» **Supplied records**

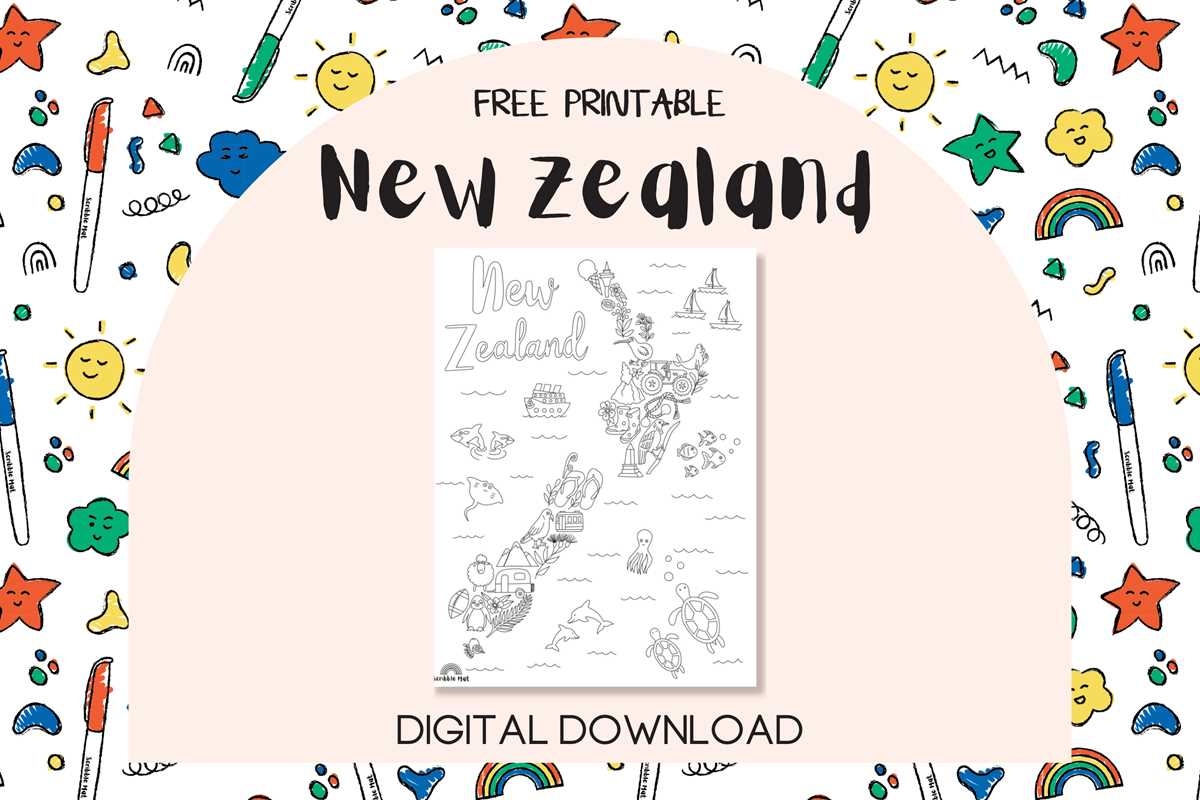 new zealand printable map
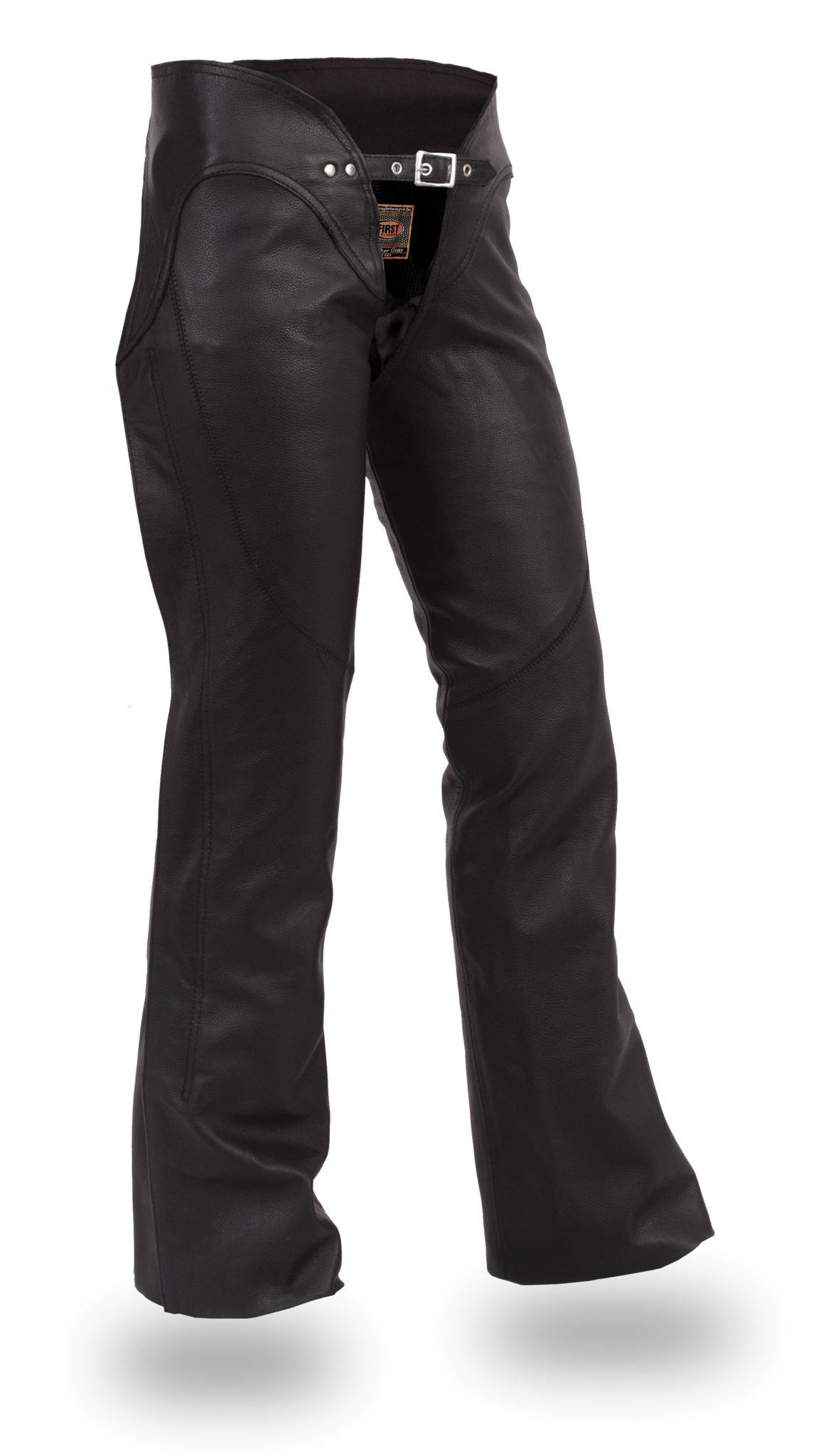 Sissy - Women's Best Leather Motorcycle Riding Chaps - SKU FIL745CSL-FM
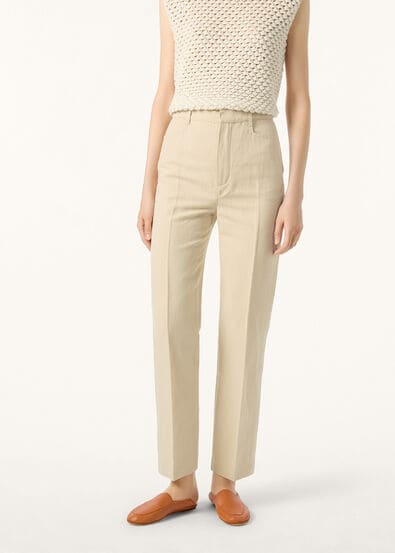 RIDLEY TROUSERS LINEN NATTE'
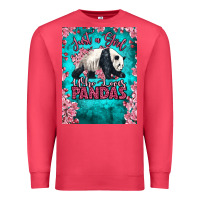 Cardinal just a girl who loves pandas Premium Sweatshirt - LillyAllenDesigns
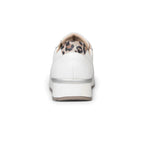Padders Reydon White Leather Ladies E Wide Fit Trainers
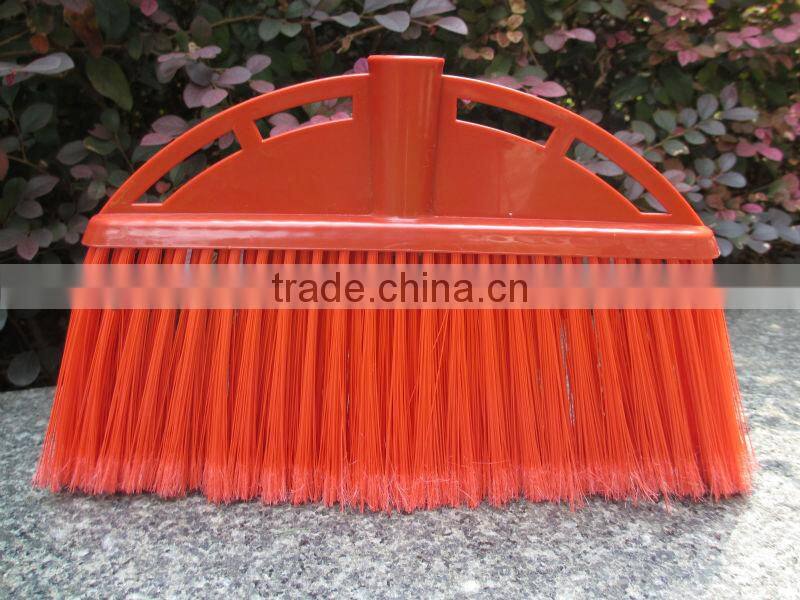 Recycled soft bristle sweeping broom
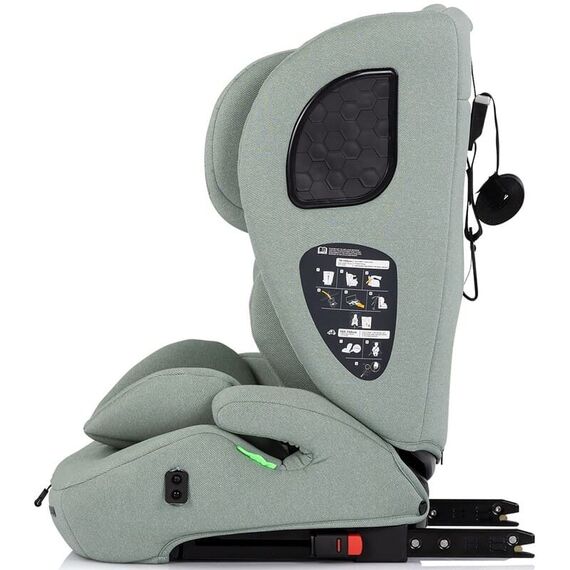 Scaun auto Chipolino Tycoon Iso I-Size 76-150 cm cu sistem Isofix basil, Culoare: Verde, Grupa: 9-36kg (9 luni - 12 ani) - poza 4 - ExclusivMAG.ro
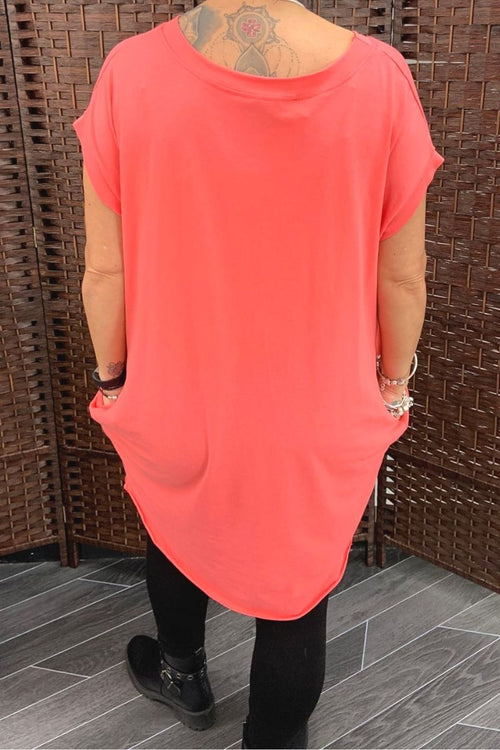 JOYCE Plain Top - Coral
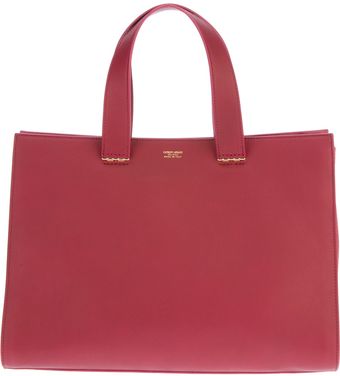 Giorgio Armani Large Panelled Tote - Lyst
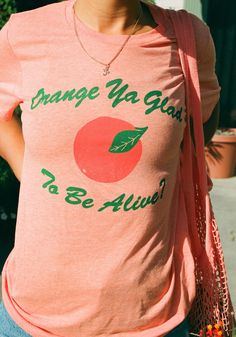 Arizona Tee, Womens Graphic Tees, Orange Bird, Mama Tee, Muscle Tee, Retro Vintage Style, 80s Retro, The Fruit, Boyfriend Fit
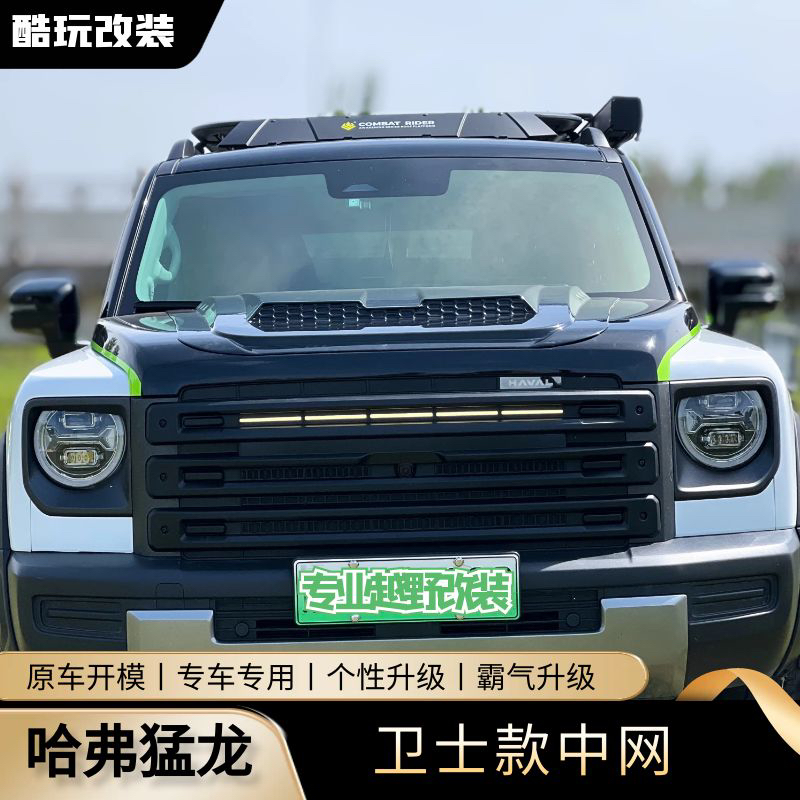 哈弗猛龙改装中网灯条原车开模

» **Task objective**
Could you transcribe all of the data exactly and omit the pictures?

» **Answer section**
 new zealand printable map
 Sissy - Women's Best Leather Motorcycle Riding Chaps - SKU FIL745CSL-FM
 RIDLEY TROUSERS LINEN NATTE'
 Cardinal just a girl who loves pandas Premium Sweatshirt - LillyAllenDesigns
Padders Reydon White Leather Ladies E Wide Fit Trainers
 Recycled soft bristle sweeping broom
 Scaun auto Chipolino Tycoon Iso I-Size 76-150 cm cu sistem Isofix basil, Culoare: Verde, Grupa: 9-36kg (9 luni - 12 ani) - poza 4 - ExclusivMAG.ro
 JOYCE Plain Top - Coral
 Giorgio Armani Large Panelled Tote - Lyst
 Arizona Tee, Womens Graphic Tees, Orange Bird, Mama Tee, Muscle Tee, Retro Vintage Style, 80s Retro, The Fruit, Boyfriend Fit
 哈弗猛龙改装中网灯条原车开模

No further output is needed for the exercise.